◆ **What you have to do**: In exact form, please repeat the records from their opening line down to the line with "Harness and Articulable", including that line.

══ Given information ══

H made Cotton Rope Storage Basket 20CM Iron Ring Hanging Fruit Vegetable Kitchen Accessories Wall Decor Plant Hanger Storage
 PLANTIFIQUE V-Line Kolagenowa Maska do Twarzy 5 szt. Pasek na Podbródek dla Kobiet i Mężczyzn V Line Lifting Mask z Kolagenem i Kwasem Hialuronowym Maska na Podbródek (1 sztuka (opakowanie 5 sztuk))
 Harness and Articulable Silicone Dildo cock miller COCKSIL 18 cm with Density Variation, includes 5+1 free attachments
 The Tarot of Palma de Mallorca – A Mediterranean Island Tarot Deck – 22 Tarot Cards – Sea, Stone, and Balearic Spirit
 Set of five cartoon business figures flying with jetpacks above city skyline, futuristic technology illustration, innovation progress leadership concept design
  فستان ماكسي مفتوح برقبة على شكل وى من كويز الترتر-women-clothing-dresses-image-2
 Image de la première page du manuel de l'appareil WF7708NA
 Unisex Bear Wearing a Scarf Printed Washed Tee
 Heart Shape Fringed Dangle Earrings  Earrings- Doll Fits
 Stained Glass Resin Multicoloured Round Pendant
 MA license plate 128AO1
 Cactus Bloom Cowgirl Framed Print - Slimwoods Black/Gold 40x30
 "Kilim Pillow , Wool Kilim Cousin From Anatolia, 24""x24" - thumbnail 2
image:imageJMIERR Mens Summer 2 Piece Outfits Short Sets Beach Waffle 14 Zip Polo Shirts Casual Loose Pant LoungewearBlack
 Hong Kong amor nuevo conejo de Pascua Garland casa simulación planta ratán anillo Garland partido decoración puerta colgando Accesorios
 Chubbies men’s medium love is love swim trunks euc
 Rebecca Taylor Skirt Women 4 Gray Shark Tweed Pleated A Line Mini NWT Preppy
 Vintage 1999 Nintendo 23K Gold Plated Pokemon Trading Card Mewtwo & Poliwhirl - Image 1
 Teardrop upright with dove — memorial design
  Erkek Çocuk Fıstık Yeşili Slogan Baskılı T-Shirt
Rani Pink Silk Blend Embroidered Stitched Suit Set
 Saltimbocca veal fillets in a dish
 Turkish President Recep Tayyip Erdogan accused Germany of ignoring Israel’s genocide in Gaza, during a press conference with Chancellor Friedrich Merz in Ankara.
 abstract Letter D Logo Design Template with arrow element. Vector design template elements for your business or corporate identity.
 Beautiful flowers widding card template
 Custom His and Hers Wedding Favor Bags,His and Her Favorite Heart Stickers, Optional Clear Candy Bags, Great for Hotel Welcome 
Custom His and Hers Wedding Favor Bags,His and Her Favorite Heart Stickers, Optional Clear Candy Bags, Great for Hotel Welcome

═══

◆ **Task result**:
H made Cotton Rope Storage Basket 20CM Iron Ring Hanging Fruit Vegetable Kitchen Accessories Wall Decor Plant Hanger Storage
 PLANTIFIQUE V-Line Kolagenowa Maska do Twarzy 5 szt. Pasek na Podbródek dla Kobiet i Mężczyzn V Line Lifting Mask z Kolagenem i Kwasem Hialuronowym Maska na Podbródek (1 sztuka (opakowanie 5 sztuk))
 Harness and Articulable Silicone Dildo cock miller COCKSIL 18 cm with Density Variation, includes 5+1 free attachments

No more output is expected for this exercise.